If you take out a loan from a bank, they will charge you interest and this will be a percentage of the loan amount that you pay for the privilege of borrowing their money.
If you invest money into the savings account, the bank will pay you interest of a percentage amount for investing your money with the bank.
There are two main types of interest, simple interest and compound interest. In this article we will talk only about simple interest as compound interest will require the use of a calculator.
What is Simple Interest?
As the name suggests, simple interest is easy to work out, let's take a look at an example where we invest £10,000 for 8 years with an interest rate of 4%. We want to know how much our £10,000 will be worth at the end of 8 years.
First we work out 4% (interest rate) of £10,000 (capital)

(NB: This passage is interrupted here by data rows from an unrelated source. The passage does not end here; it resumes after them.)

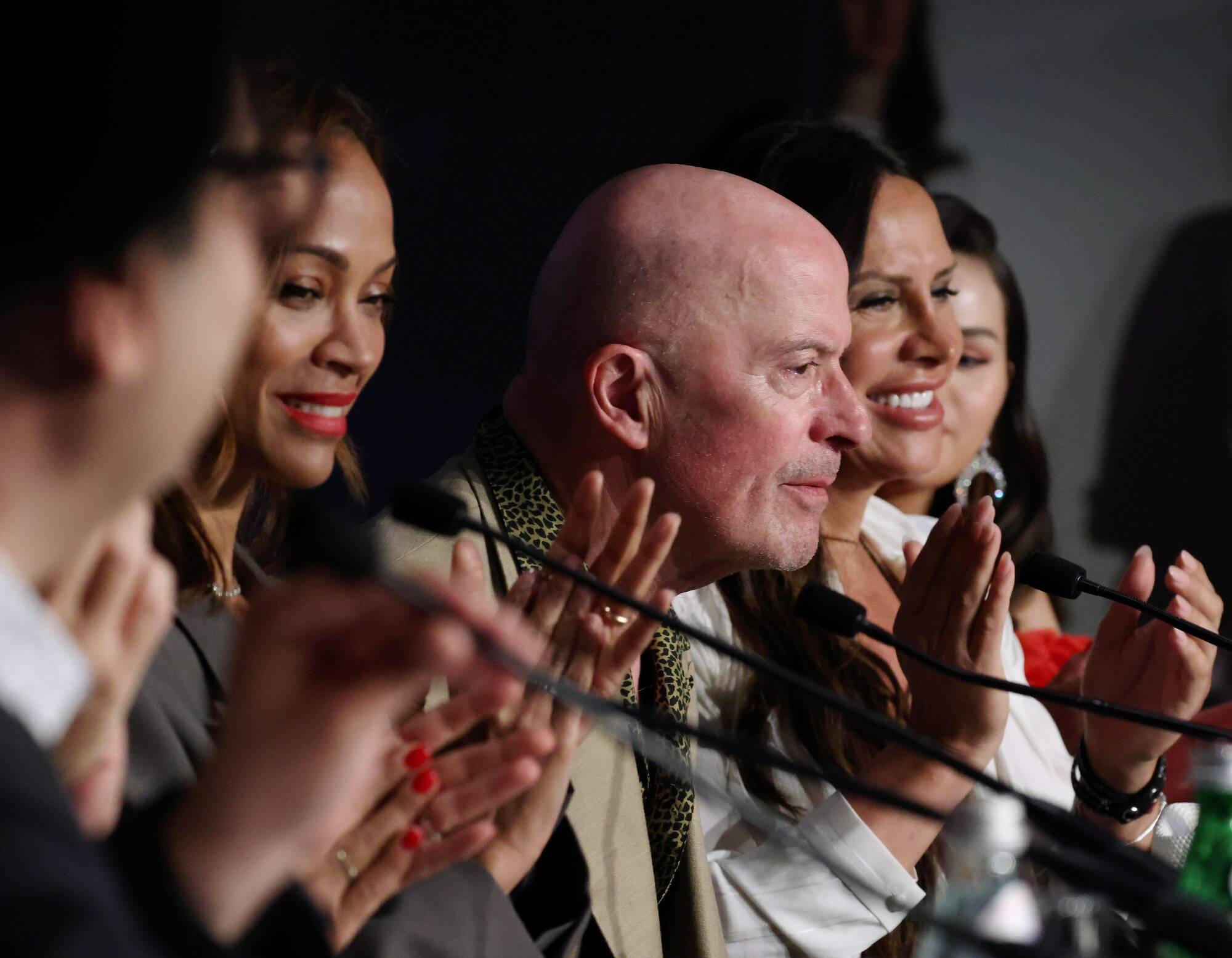 Après son triomphe au Festival de Cannes, les Golden Globes honorent le film français "Emilia Perez", qui repart avec quatre statuettes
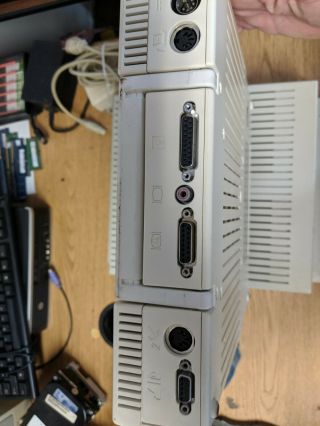 Vintage Apple 2c IIc Computer Model A2S4000 - Powers on 4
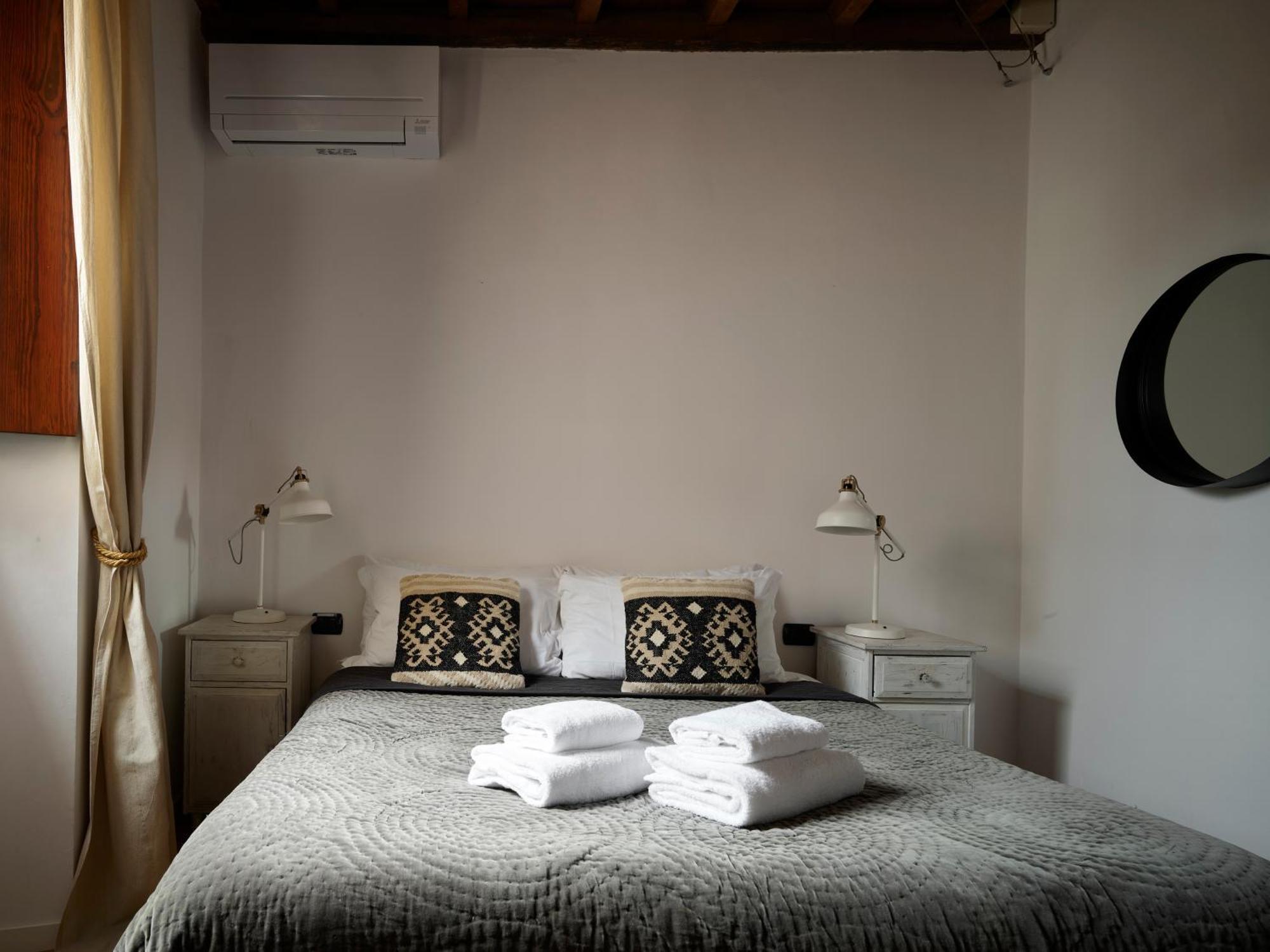 One Of A Kind Near The Duomo W/Balcony Palace Apt Florence Exterior photo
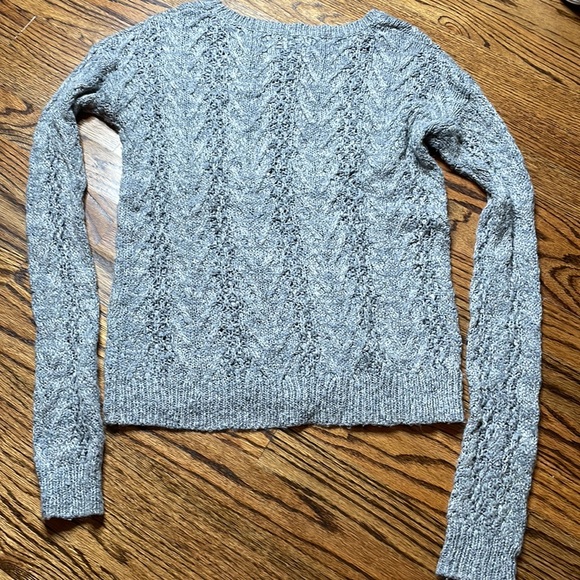Aeropostale size XS gray sweater - Picture 2 of 3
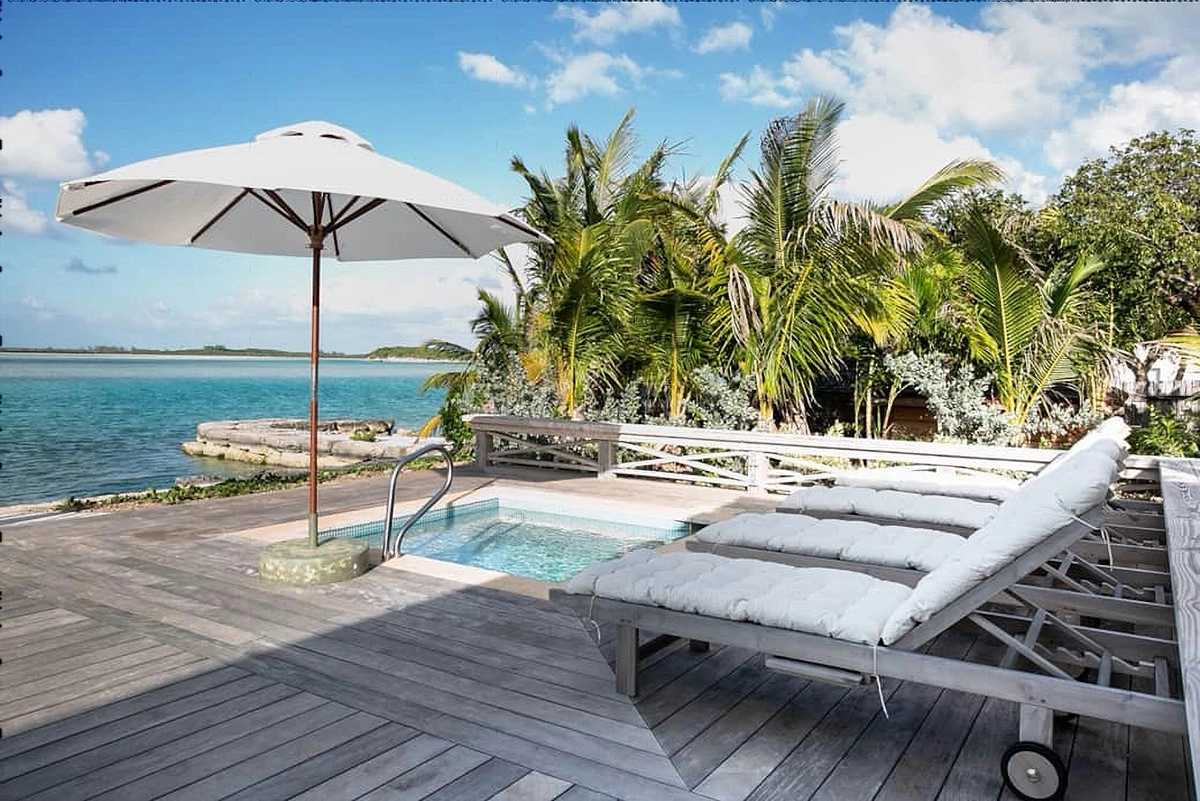Outdoor lounge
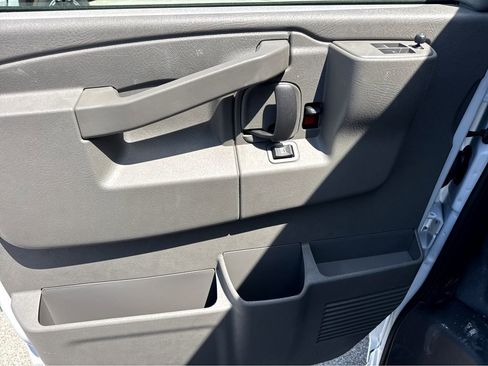 New 2026 GMC Savana 2500 w/ Driver Convenience Package RWD image 10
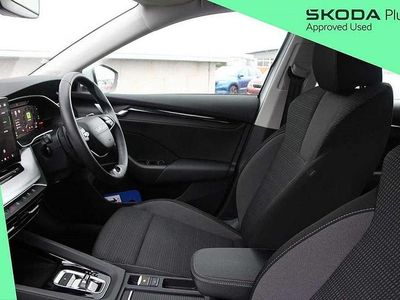 Begagnad Skoda Octavia SE Technology 150 HK (110 kW) 2025 Vit Kombi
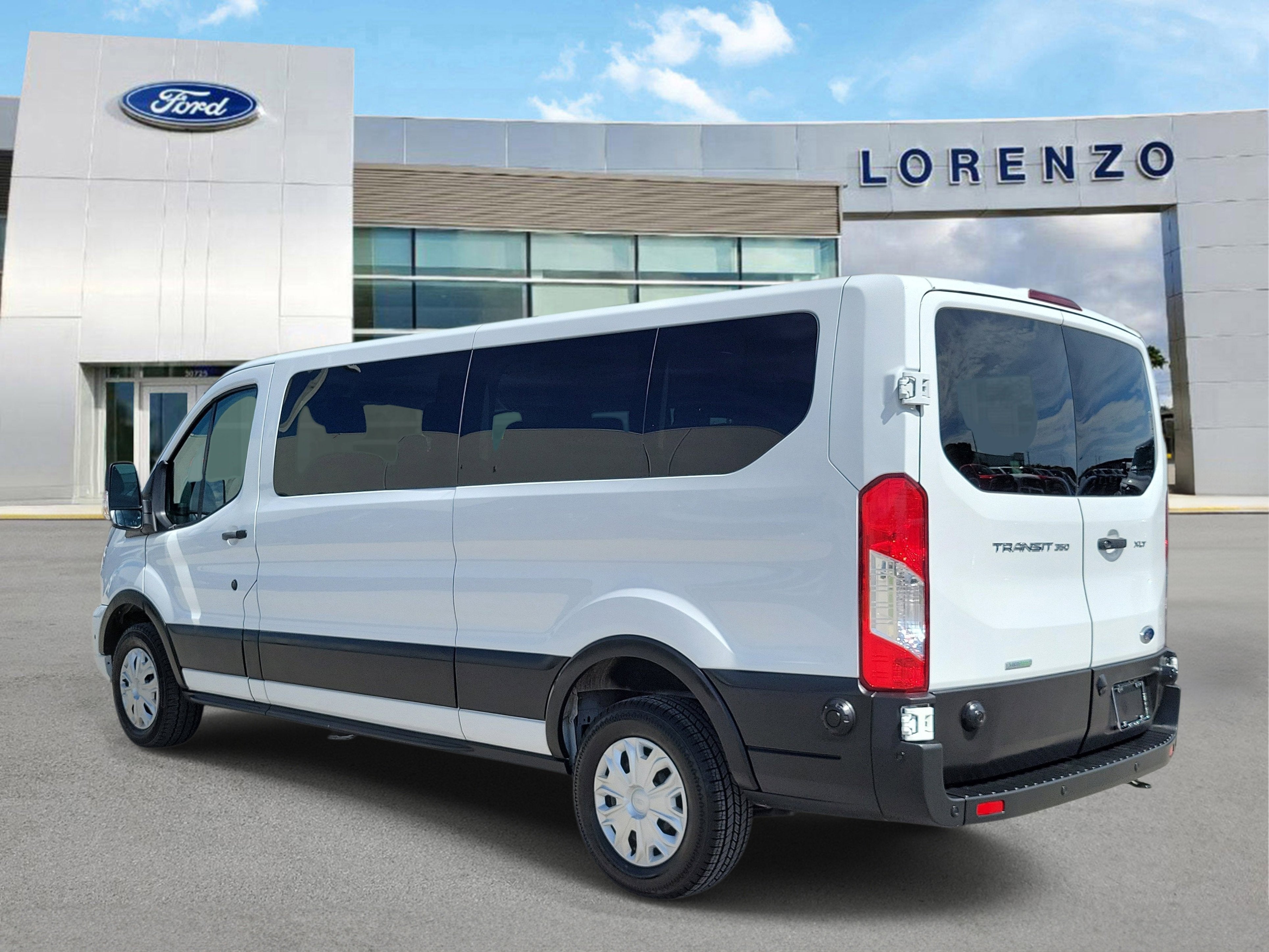 2024 Ford Transit Passenger Wagon XLT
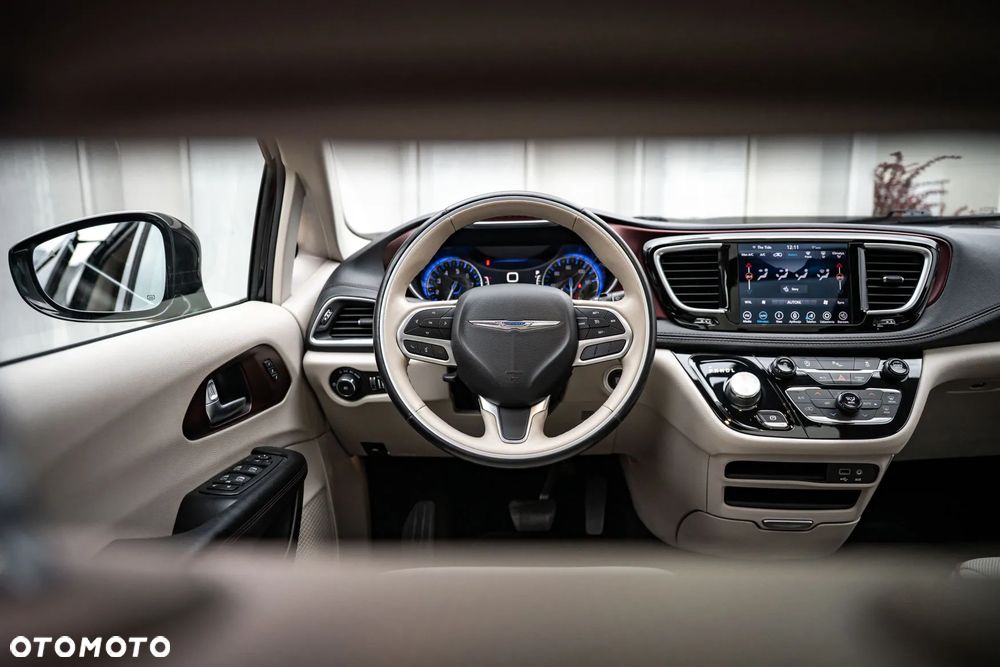 Chrysler Pacifica - 20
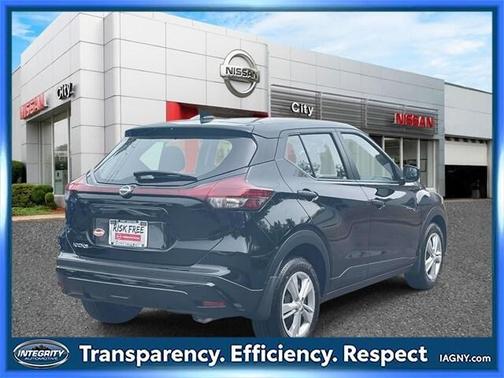2024 Nissan Kicks S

1% of £10,000 =£10,000/100 = £100
4% of £10,000 = £400
We receive this amount of interest every year for 8 years, after 8 years we have received
£400 x 8 years = £3200, this is the interest received on your investment
To find the total value of the investment, we add these values together.
£10,000 + £3,200 = £13,200
Conclusion
Percentages are an integral part of our daily lives, and it's important to understand how to calculate them. While calculators are convenient, it's also essential to know how to work out percentages without them. This article has provided various techniques to help you master this skill, from converting percentages into decimals, to finding percentages of values, to working out any percentage without a calculator.
Knowing how to work with percentages can be useful in many fields, from finance to science. So, take the time to practice and improve your percentage calculation skills, and you'll be amazed at how much easier life can be.